The Central African nation’s external debt saw a significant drop over the period studied, falling from 61% to 35% of GDP, largely fueled by rising oil prices, which account for about 80% of its exports. However, the country’s domestic debt simultaneously increased from 43% to 59%, mainly due to the inclusion of unpaid commercial arrears and the issuance of new Treasury bonds to finance state needs.
The World Bank further noted that in the second half of 2024, the country faced significant liquidity pressures, with debt service on the regional market consuming about half of its tax revenues.

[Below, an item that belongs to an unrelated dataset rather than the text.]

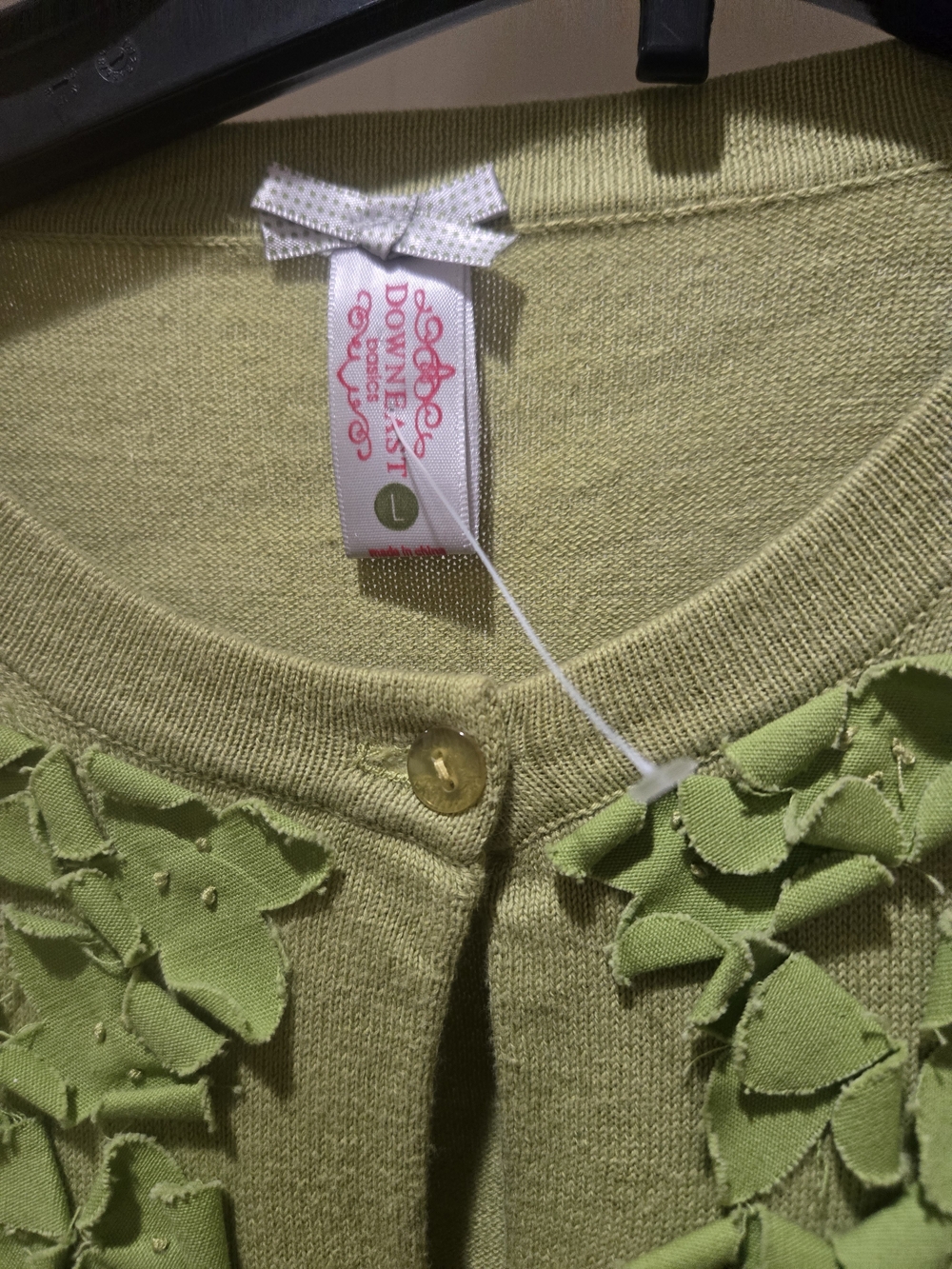 DownEast Lime Green Ruffle-Front Cardigan Size L - Picture 3 of 6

This situation created severe cash flow problems, resulting in the accumulation of external and internal arrears and hindering some crucial public expenditures.

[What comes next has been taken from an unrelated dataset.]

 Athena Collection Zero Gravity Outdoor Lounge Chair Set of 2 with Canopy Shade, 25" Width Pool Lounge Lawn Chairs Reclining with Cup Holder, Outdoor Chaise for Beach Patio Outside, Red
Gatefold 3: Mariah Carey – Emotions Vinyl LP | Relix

Reform Efforts Yielding Results
In recent years, Brazzaville has committed to improving its debt and treasury management through several reforms. Since 2021, the government has published annual reports and restricted external borrowing to concessional loans. Between 2022 and 2023, progress was made in repaying domestic debt arrears, supported by a strategic plan adopted in September 2023.
Despite these measures, the country remains in a state of debt distress. It is one of the countries in the Central African Economic and Monetary Community (CEMAC) whose debt level still exceeds the regional convergence criterion of 70% of GDP. Nevertheless, World Bank projections indicate the debt-to-GDP ratio should continue its downward trend.
The bank forecasts debt will fall to 89.6% of GDP in 2025, thanks to fiscal consolidation measures, and then average 81.8% across 2026 and 2027.
Regarding its economic situation, the Republic of Congo’s growth is estimated to have risen slightly to 2.6% in 2024, compared to negative growth of -6.3% in 2020 and 1.9% in 2023. This expansion is attributed mainly to performance in the oil sector, alongside modest gains in agriculture, manufacturing, and services.
The country’s growth is expected to see another modest increase to 2.8% in 2025, with an average growth rate of 3% across 2026 and 2027.